According to the survey group, life faces slower growth compared to other business classes within the life insurance mostly due to price wars that have been prevalent among the industry players.
The rising costs of fraud give the insurers the challenge of being unable to adequately price risks which have led to deteriorated returns to equity.
According to the report, in the last five years, Kenya’s life insurance market has experienced growth both in the level of direct premiums and the equity held by industry stakeholders. It indicates that demand for life insurance products has risen leading to an increase of life insurance premiums.
In Tanzania from 2012 to 2017, there has been a persistent positive year on year growth in gross written premiums in the life insurance business.
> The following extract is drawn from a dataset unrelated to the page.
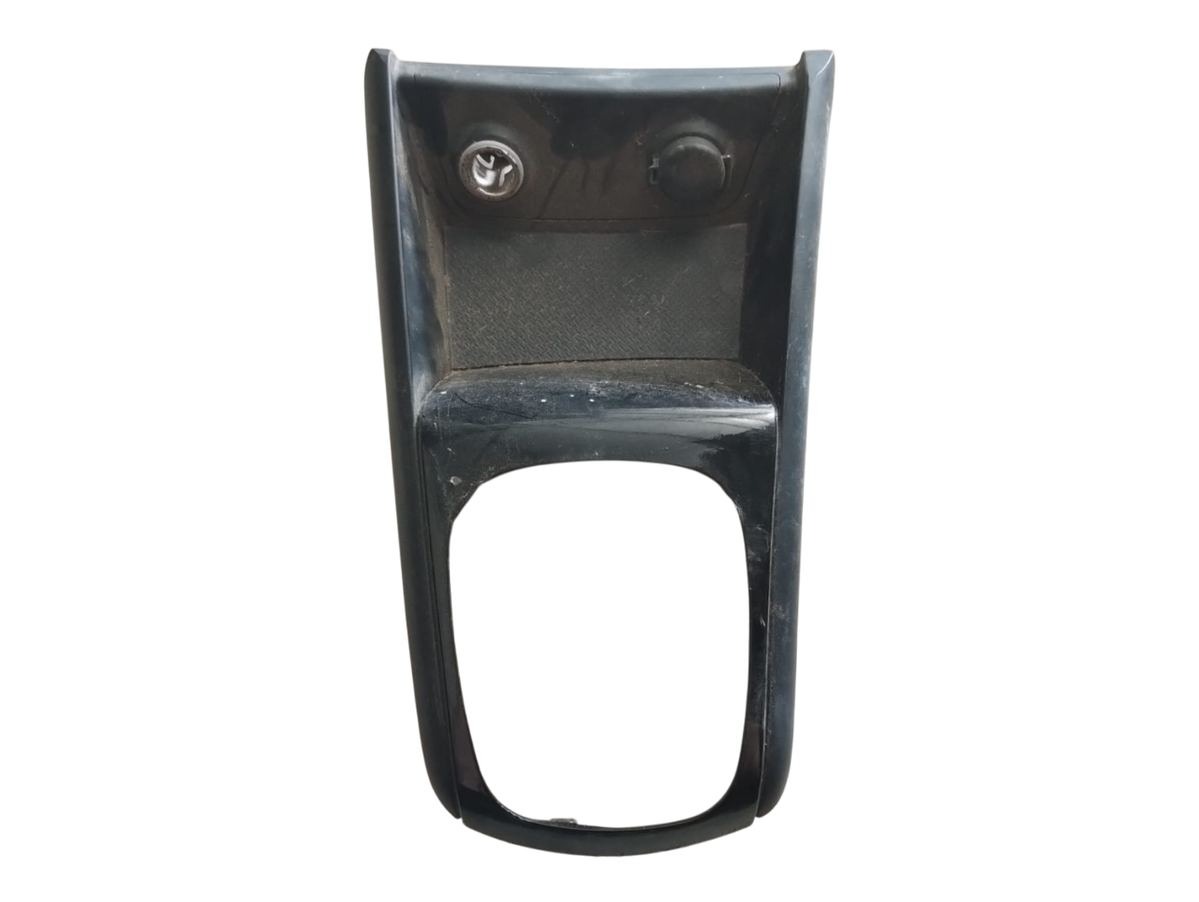 Moldura Console Central Hyundai I30 2009 A 2012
The report further notes that individual life constitutes a larger proportion of the overall life insurance premiums.
While in Uganda, increased demand for life insurance products by the middle-income class has boosted the life insurance business to grow faster than its economy.
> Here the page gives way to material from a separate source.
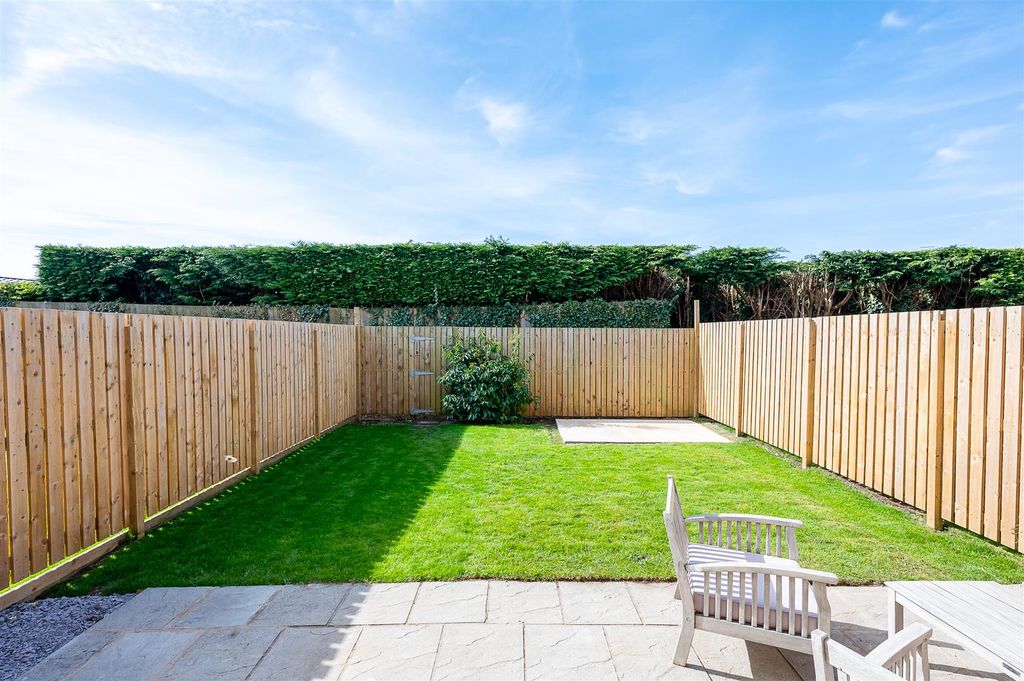Property photo 3 of 13 Garden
According to the report, in the last three years, individual life is the fastest growing business class while deposit administration and group life experience slower growth than the combined life business.
Pensions Act that is yet to be liberalised in Uganda has slowed group business compared to Tanzania and Kenya.
The report notes Uganda’s general insurance market that is experiencing low growth and low profitability, with Britam and Sanlam General being the fastest growing players in the market.
While insurers in the region have experienced better times than their financial performance in recent years, the reports note that competition and declining margins pose greater risks for future growth.